I felt attacked and judged by my brother the whole time. I hope this is just a one off thing. Maybe he is just really stressed out or something. Everyone in my family is so dysfunctional and negative that I feel really down after a visit. I am considering not even hosting the holidays this year. Maybe I need to say no more for my own mental health. It’s really hurtful to be attacked and have my husband and/or kids attacked when I am hanging out with family. We didn’t do anything to deserve to be treated this way. Not only that but my brother has not even seen or talked to some of my kids in over a year. He doesn’t even know us.

The funny thing is my brother Luke was one of the wildest people I knew. He was wilder as a teenager than probably all three of my kids put together. He treats me like I am a bad person and parent. He is really strict with his kids. I actually was angry at first but now I feel sorry for him because he seems absolutely miserable.

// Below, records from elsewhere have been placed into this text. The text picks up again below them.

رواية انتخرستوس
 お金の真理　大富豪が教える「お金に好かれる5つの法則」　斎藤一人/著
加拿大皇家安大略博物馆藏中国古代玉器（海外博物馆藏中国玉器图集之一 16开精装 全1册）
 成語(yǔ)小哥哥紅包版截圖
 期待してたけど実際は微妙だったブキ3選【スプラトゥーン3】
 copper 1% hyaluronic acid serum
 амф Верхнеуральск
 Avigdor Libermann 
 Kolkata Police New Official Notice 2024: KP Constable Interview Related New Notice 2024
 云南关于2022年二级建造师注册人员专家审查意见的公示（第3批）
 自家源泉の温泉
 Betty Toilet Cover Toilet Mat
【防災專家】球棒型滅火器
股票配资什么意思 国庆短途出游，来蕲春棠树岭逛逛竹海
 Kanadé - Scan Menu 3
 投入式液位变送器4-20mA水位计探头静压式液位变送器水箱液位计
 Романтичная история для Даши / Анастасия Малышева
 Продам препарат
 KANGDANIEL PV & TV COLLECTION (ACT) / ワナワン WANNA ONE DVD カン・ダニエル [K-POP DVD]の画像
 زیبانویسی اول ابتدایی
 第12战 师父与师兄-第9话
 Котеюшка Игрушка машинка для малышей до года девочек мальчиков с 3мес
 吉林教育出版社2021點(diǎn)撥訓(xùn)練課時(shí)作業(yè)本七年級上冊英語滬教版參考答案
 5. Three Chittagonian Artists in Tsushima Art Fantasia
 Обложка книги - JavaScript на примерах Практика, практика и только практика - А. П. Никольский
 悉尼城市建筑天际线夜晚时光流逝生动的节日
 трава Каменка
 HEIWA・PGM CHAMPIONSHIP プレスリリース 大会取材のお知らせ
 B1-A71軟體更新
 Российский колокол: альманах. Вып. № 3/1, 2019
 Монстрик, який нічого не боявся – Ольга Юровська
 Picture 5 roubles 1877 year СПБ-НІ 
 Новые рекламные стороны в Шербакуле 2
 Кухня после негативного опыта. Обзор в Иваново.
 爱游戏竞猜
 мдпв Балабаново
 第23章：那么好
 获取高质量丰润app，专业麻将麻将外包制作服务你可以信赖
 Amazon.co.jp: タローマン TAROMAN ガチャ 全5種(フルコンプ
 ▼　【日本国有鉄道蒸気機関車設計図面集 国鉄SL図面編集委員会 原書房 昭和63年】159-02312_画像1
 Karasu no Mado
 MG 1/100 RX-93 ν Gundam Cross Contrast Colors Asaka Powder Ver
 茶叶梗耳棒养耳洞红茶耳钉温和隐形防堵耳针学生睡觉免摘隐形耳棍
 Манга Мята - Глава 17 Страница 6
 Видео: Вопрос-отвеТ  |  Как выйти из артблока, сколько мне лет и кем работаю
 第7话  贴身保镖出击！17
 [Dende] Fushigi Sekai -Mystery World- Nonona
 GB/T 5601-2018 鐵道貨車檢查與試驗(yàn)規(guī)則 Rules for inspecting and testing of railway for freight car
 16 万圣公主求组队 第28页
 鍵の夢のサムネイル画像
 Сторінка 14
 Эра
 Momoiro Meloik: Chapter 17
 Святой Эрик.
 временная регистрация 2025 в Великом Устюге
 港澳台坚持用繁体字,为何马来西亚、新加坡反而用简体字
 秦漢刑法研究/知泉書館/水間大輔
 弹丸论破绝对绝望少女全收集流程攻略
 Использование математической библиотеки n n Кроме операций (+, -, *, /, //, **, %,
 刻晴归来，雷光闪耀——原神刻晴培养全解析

We’ll see what the weekend brings and go from there.

Gratitude week 83

  1. Remember last week how I said that Arabella’s boyfriend broke up with her? Well…I found out about the break up on a Friday night and hung out with her until I went to bed around 11 PM. Arabella said she was going to be okay because her friend Kami was going to come over and hang out after I went to bed. I just found out a couple days ago that on the way home from our house that night, Kami fell asleep and totaled her car. I am grateful that Kami is okay after the accident. The last teenager I knew who fell asleep driving died.
  2. I’m grateful for more time with my cat. He was sick the past couple of weeks and I thought I might have to put him down. He is also 15 years old. But it turns out he has an eye infection and will be okay. I do think he used up one more of his 9 lives over this. He is one of my all time favorite cats.
  3. My daughter Angel and her fiancé have a wedding date picked out. They have an appointment with a wedding chapel this week and if all goes well I think they will be ready to book the hall.
  4. Tomorrow Paul and I will be celebrating our 24th wedding anniversary.
  5. Paul has been working out of town the last couple of days and sleeping on our boat. He forgot his medicine at home so I went and surprised him after work. He was really happy that I thought to bring his pills to him and to see me unexpectedly.
  6. Since I went to the boat Friday night, we were able to play cards with out boat neighbors and it was a lot of fun.
  7. Paul had to work again early Saturday morning, so I drove back home, fed the pets, took a shower, and headed up north. I was able to visit my mom, brother Luke, niece Gracie, and my aunt Jan and her husband. Then this morning I headed back home and will be heading back to the boat to spend a couple days with Paul for our anniversary. I’m grateful that for the most part I’ve overcome my fear of long distance driving. I don’t think I could’ve done all of this otherwise.
  8. Yesterday up north we were able to find a new hiking place. I’m grateful that it was on the water and the bugs weren’t bad. It was nice to spend time with family.
  9. My mom bought me some blueberries for my birthday and Dan brought over some zucchini from his garden. So I made blueberry muffins and chocolate chip zucchini cake which everyone loved.
  10. Summer! It’s cooled off considerably around here. I turned off the A/C. It almost feels fall like, but it is very comfortable because the humidity is gone.